Support a Plastic Bag Ban for Cincinnati!

We’re making progress on getting rid of single-use plastic bags! All the work our Cincinnati Past Plastic group has done for years is paying off. We’ve been invited to present to a subcommittee of Cincinnati City Council, the Education, Innovation, and Growth (EIG) committee, on the negative impacts plastic bags have. We’ll be presenting Tuesday, January 28th, at 2 pm.

To make this presentation even more effective, we need your help. Please come down to give a 2 minute comment about why you want to get rid of plastic bags, or how much you like using reusable bags. We’re looking to build a groundswell of support here, and we can’t do that without you!

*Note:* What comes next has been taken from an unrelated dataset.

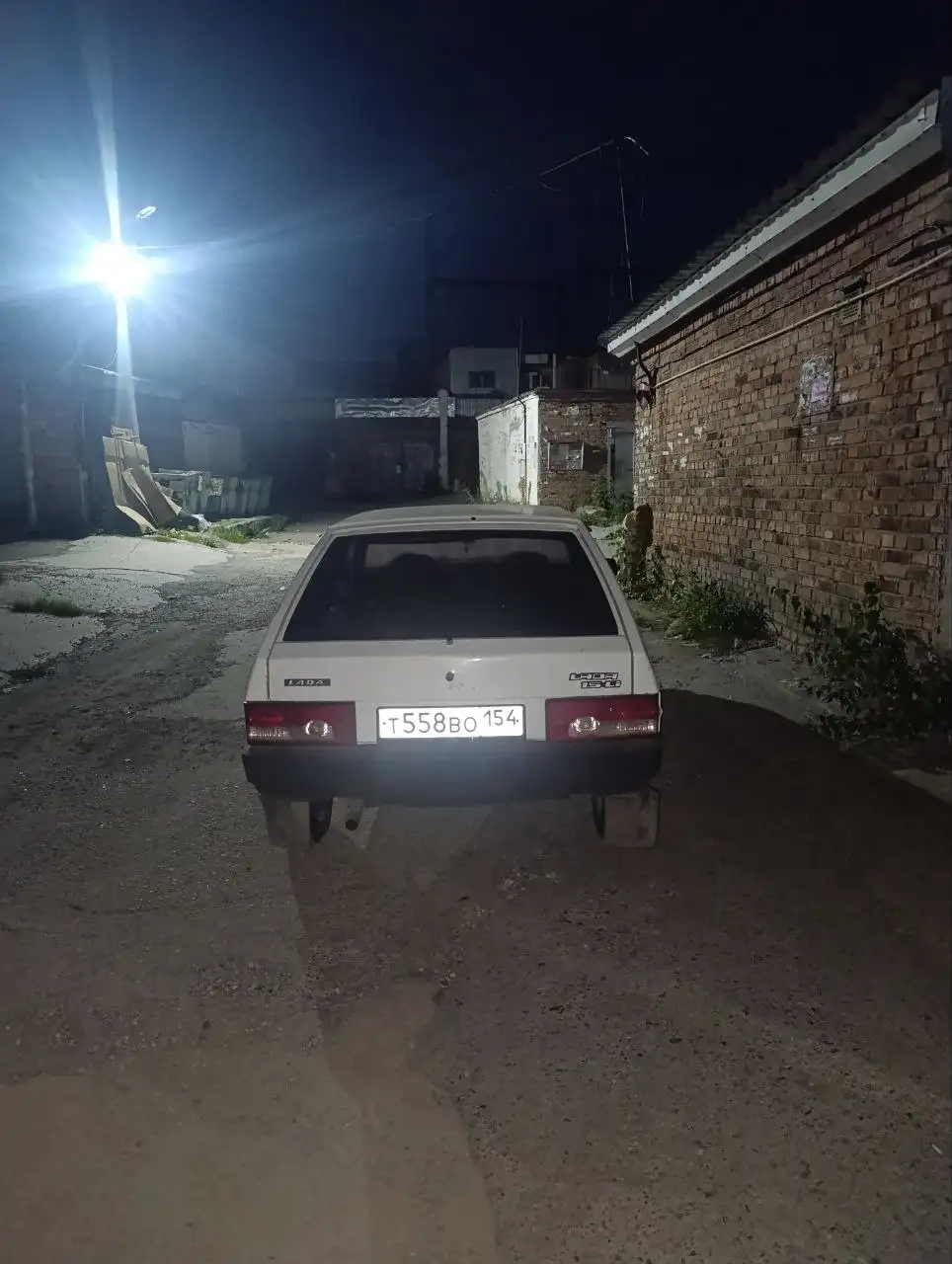 ВАЗ 2108 1987 года - Авто в Новосибирск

The public comment session is Tuesday, January 28, at 2 pm at City Hall (801 Plum St. Room 300, Cincinnati, OH). Please come before 2 pm to sign up to make a public comment. If you can’t make it in person, please take a few minutes and call or email the committee members to tell them how important this is to you. Here’s their contact information:

P.G. Sittenfeld: 513-352-5280, [email protected]
Chris Seelbach: 513-352-5210, [email protected]
Tamaya Dennard: 513-352-5205, [email protected]
David Mann: 513-352-4611, [email protected]
Wendell Young: 513-352-3466, [email protected]

Here are some talking points you can use:

  • Only 1% of plastic bags are recycled, meaning the rest end up in landfills, littering our streets, clogging our sewers, choking livestock, and ultimately ending up in our rivers and oceans.
  • Plastic bags take up to 1,000 years to degrade. As they do, they release greenhouse gases and turn into microplastics, which can end up in our food.
  • Plastic bags are a significant source of ocean pollution, being the 7th most collected item in a recent ocean cleanup.
  • Seventy-eight percent of Cincinnati constituent complaints revolve around trash, blight and litter.
  • Cincinnati threw away nearly 1,000 tons of plastic grocery bags last year.
  • According to data from Keep Cincinnati Beautiful, there is a negative correlation between median income and litter in Cincinnati. So, the higher your median income, the less litter is in your neighborhood, and vice versa.